I have a fondness for good alumni magazines and I’ve never included Drexel’s in that list before. But the fall 2018 issue is stellar. I loved the article on the Beneficial Savings bank reclamation — it was our bank for years when we lived in the city — and the article on the efforts of the Naloxone Outreach Project in Kensington, the factoids on the space program and the clean-up at the Academy of Natural Sciences were all of interest. Keep up the good work. I’m passing this issue along to a friend; I’ve never before felt the magazine merited that tribute. Congratulations on a really fine issue.

JUDITH HAHN TOMAN
BS home economics ’72, MS home economics ’74
Charlotte, North Carolina


Classy glossy mag. The Kline Law building beautifully captures the rich architecture and detail of the historic Beneficial Savings bank building, now well restored and commissioned to a new use.
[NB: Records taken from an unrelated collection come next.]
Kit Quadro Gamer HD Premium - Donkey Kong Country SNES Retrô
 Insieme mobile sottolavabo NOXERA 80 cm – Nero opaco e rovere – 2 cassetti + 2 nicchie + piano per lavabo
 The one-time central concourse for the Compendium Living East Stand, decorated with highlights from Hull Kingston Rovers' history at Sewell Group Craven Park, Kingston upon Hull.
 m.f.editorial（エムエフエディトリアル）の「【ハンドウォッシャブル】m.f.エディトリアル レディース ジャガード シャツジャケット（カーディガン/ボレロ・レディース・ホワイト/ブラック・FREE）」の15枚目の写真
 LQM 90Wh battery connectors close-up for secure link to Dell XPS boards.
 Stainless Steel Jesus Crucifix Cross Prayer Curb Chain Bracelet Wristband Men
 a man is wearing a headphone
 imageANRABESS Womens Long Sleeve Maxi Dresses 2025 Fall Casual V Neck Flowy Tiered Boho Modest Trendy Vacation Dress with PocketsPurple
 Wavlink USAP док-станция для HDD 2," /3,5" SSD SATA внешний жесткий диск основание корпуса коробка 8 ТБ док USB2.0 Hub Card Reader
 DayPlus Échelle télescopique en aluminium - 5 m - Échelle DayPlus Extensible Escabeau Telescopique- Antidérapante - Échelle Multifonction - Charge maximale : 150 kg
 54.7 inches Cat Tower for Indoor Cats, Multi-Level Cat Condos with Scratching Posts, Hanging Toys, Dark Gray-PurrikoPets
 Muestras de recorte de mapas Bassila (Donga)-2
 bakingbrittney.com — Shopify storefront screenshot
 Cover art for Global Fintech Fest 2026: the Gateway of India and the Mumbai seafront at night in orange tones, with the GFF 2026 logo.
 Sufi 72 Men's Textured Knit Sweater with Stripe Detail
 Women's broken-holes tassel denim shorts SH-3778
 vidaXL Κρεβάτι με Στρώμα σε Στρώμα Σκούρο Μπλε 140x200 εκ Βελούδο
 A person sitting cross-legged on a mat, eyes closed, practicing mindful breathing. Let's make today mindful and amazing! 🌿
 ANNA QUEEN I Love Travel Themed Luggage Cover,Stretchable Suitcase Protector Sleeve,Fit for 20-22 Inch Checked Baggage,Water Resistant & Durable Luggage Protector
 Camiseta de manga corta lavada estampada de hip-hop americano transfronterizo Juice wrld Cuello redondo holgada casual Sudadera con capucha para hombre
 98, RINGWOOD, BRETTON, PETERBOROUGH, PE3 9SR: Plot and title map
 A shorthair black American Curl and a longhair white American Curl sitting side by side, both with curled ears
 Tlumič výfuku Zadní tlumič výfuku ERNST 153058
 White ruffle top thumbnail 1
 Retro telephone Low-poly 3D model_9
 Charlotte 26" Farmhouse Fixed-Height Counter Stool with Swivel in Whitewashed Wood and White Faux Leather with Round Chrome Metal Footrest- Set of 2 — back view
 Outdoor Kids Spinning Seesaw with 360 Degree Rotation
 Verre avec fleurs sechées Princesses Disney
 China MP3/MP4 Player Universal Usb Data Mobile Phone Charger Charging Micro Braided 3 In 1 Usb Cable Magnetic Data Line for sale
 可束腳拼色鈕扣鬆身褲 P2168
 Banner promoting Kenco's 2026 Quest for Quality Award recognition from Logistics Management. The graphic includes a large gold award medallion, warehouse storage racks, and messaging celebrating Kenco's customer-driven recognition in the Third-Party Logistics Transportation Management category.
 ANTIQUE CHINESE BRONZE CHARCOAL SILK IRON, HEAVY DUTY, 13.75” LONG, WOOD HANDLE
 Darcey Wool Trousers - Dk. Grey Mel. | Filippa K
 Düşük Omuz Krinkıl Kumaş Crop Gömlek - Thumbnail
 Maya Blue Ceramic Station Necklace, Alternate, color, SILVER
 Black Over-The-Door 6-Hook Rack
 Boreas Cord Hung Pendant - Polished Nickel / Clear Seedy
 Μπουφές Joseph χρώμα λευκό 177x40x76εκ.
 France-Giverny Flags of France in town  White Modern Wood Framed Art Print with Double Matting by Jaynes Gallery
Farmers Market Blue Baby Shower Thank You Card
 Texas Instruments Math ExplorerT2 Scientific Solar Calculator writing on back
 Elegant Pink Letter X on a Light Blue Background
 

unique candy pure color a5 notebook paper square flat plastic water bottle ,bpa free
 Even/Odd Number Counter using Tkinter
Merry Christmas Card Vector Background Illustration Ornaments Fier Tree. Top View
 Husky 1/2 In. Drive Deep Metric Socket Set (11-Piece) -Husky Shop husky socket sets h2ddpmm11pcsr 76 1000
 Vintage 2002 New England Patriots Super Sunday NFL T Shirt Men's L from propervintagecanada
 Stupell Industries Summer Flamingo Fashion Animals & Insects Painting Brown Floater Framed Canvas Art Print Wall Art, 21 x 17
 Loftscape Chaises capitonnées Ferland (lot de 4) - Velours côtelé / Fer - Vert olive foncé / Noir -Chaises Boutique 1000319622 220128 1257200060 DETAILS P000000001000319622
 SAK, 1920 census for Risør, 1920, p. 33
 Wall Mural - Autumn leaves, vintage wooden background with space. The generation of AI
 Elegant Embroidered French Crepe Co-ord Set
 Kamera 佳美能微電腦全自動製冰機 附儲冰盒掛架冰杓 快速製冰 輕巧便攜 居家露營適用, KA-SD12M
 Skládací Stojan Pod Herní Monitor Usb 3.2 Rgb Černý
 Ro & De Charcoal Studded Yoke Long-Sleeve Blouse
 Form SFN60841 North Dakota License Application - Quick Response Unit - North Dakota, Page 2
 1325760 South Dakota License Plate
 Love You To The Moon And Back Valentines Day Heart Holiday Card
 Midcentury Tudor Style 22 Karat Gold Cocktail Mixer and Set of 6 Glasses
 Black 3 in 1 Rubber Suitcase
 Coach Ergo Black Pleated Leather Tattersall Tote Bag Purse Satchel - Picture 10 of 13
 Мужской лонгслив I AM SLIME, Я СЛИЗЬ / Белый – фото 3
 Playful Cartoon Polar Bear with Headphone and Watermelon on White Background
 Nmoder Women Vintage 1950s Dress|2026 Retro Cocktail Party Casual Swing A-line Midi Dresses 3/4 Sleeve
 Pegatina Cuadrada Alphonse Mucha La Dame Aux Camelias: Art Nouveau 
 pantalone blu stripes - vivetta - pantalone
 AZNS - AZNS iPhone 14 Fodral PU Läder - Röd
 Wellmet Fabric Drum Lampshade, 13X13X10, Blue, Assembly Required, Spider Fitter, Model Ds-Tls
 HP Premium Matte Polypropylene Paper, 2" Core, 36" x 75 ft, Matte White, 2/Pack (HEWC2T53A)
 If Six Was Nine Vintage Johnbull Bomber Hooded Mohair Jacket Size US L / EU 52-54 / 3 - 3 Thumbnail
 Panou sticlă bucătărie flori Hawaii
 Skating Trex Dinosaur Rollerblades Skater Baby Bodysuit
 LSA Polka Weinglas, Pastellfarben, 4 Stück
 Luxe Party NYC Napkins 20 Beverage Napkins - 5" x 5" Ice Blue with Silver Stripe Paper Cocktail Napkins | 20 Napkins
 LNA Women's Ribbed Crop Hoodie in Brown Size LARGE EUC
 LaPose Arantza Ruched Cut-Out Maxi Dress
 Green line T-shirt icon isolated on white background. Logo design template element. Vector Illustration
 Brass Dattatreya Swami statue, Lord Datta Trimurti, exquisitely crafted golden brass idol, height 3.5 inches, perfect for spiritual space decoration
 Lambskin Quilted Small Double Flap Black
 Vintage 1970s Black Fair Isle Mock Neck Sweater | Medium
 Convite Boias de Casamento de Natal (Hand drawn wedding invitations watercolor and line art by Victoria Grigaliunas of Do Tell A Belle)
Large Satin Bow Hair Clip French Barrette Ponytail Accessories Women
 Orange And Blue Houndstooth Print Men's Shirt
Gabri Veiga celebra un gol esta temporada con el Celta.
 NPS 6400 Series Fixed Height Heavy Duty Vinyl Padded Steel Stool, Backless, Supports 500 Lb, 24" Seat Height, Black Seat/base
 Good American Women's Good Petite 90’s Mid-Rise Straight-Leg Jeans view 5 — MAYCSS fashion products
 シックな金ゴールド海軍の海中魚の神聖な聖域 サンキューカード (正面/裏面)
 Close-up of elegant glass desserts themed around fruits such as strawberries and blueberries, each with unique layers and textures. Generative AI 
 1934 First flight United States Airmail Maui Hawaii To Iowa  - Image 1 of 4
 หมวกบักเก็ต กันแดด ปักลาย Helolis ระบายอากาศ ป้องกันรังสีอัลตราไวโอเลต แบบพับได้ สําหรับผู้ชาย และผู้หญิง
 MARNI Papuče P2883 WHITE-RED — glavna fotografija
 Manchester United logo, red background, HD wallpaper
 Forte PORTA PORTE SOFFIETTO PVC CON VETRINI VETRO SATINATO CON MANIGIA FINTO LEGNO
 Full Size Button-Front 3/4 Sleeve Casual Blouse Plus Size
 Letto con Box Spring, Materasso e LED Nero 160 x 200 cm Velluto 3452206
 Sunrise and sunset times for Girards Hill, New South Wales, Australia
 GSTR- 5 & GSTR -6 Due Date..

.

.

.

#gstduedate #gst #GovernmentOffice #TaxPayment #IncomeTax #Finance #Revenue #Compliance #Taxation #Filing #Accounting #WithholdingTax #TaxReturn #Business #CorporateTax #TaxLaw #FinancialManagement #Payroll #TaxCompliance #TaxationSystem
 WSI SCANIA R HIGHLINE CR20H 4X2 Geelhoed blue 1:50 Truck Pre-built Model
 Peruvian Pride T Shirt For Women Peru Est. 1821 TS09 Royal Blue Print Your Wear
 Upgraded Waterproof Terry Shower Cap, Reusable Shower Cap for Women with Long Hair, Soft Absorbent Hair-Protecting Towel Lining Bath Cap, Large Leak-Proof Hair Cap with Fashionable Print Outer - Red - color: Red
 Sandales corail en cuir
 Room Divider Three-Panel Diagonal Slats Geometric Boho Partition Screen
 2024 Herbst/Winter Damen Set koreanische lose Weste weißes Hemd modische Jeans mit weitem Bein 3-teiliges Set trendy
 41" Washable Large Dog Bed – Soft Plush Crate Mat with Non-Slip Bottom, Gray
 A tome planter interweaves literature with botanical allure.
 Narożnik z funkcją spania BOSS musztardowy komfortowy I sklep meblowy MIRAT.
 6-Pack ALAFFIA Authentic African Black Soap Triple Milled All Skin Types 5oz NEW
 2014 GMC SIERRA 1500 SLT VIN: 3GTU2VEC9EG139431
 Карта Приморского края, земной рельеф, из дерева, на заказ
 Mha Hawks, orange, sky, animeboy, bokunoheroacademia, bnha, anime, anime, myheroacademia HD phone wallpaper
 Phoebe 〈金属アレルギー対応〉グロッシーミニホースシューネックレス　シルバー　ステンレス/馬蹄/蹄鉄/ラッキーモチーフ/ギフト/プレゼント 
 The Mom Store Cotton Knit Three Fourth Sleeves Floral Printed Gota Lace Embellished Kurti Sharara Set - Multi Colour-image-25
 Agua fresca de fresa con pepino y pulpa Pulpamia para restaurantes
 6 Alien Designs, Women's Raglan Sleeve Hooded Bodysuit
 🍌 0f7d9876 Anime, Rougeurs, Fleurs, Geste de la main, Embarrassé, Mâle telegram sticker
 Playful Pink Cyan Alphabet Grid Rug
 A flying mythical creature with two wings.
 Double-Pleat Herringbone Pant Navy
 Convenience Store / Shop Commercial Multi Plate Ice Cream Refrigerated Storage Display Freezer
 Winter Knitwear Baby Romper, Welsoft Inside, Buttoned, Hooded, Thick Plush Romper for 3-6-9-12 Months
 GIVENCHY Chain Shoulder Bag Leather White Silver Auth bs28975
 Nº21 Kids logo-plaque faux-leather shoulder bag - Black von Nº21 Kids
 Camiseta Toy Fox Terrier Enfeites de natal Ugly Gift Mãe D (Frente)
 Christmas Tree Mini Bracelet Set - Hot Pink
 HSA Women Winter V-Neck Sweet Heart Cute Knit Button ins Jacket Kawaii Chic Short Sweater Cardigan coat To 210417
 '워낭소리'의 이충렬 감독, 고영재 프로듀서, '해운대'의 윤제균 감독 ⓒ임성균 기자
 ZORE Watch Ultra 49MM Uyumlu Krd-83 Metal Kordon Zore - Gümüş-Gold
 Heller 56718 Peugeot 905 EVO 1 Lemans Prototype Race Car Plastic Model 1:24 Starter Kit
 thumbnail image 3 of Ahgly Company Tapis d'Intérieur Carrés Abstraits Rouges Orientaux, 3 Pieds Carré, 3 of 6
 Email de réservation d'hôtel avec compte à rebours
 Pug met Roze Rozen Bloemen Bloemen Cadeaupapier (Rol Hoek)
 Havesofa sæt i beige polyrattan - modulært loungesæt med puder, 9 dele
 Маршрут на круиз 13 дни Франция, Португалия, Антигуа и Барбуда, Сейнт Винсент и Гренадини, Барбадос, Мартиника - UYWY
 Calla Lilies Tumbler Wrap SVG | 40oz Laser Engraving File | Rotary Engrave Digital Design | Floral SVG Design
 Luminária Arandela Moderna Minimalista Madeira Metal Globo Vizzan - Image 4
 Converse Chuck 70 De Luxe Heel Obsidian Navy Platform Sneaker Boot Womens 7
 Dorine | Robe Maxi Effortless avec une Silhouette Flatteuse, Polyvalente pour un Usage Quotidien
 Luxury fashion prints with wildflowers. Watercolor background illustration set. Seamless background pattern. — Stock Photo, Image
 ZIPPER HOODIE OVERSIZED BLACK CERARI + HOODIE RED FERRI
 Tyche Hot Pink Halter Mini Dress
Drexel’s core science program manifests in four astronaut alumni, as well as probably thousands of engineering alumni like me who have worked in the space program for decades. The International Space Station is a marvel of engineering and ingenuity — an immense structure orbiting some 245 to 250 miles (recent average 405 km equals 248 miles) above Earth in an orbit having an about 51-degree inclination, which allows it to overfly Drexel on occasion.

Thus, it is about 245 to 250 miles distant from whatever location on Earth it is directly above, but that cannot be the “average distance” from anywhere on Earth as asserted in the spread on the opening page of the magazine. With an orbital period of about 92 minutes, only 46 minutes after it passes over Drexel and is 245 to 250 miles away, it is half way around the Earth and so it is the diameter of the Earth plus 245 to 250 miles (about 7,918+248 = 8,166 miles) away.

CLEMENT BERARD JR.
MS electrical engineering ’69
Glen Allen, Virginia


Editor’s note: It seems as if there are as many estimates for the space station’s “average distance” from Earth on the internet as there are stars. This editor finally went with 240 miles because it was cited in NASA’s “Reference Guide to the International Space Station:”

“Low-Earth orbit at 51 degrees inclination and at a 90-minute orbit affords ISS a unique vantage point with an altitude of approximately 240 miles (400 kilometers) and an orbital path over 90 percent of the Earth’s population.”

That estimate can only be accurate when the ISS is directly over Drexel, of course.


CORRECTION: In the fall 2018 issue, William Norman (BS ’05, MS ’07) was incorrectly listed in Friends We’ll Miss. Happily, he is alive and well.